Work task. Please give back the listing below word for word, without the images.

Recorded data.
--- START ---
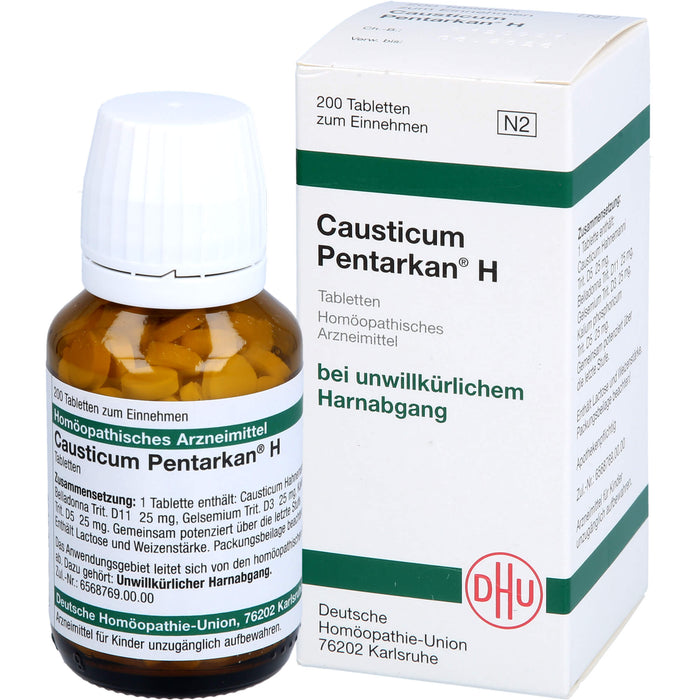 Causticum Pentarkan  H Tabletten, 200 St. Tabletten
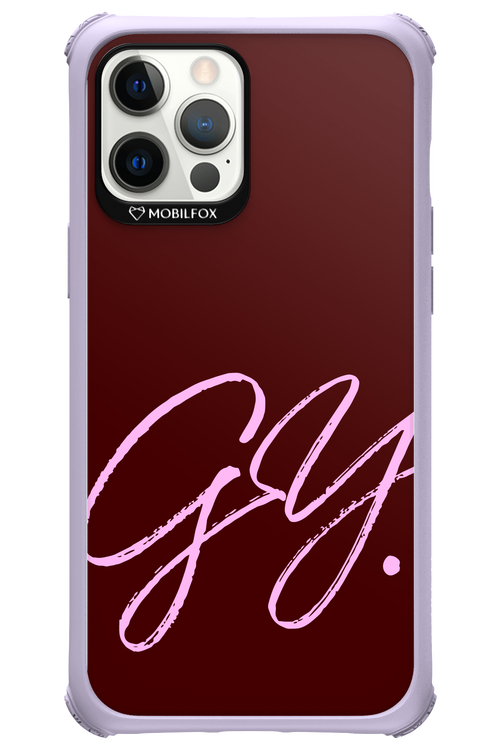 (Dark Blush) GY - Apple iPhone 12 Pro Max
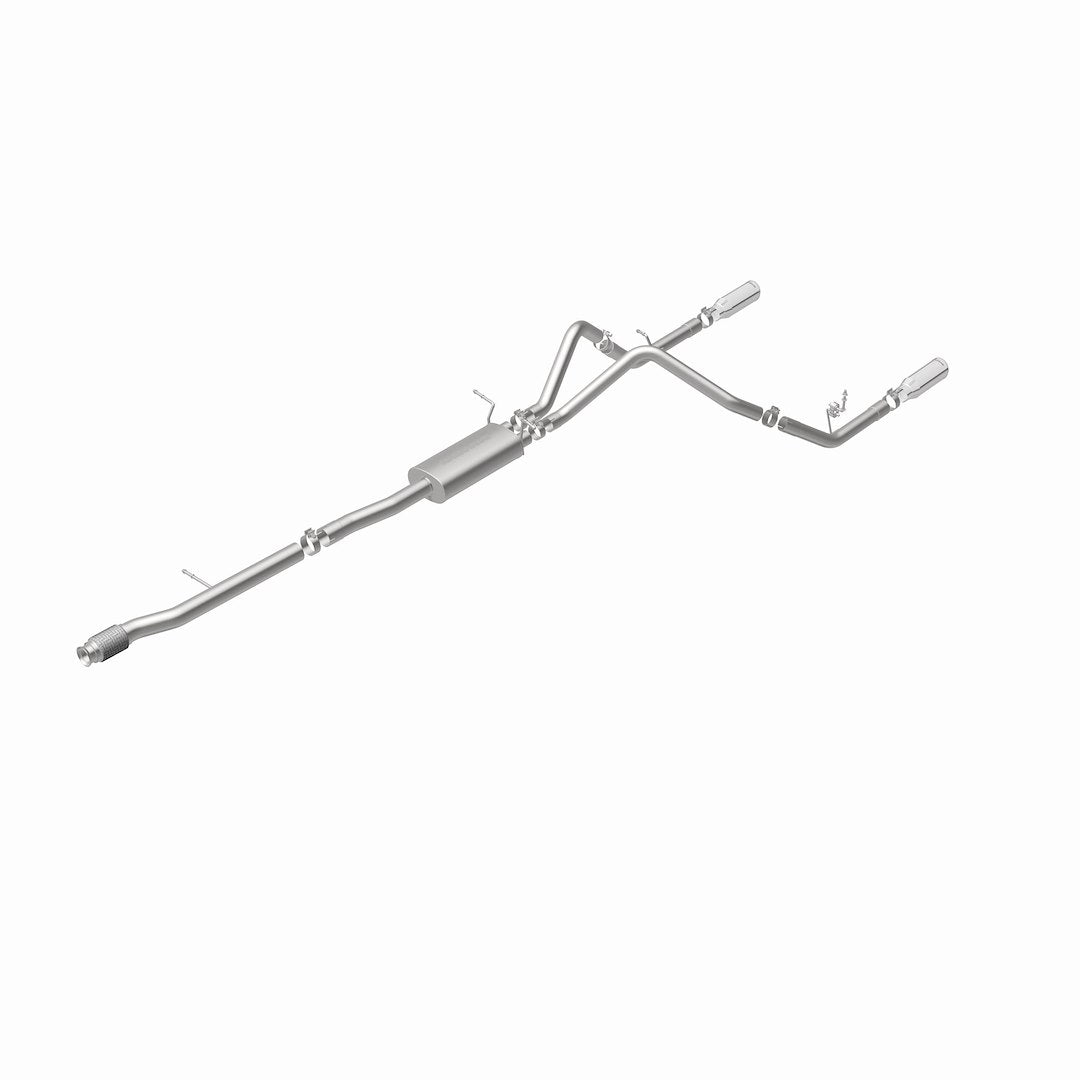 Product of Magnaflow Performance 15268 Performance Cat-Back System Dual Exhaust System Kit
--- END ---
Completed exercise.
 Causticum Pentarkan  H Tabletten, 200 St. Tabletten
 (Dark Blush) GY - Apple iPhone 12 Pro Max
 Product of Magnaflow Performance 15268 Performance Cat-Back System Dual Exhaust System Kit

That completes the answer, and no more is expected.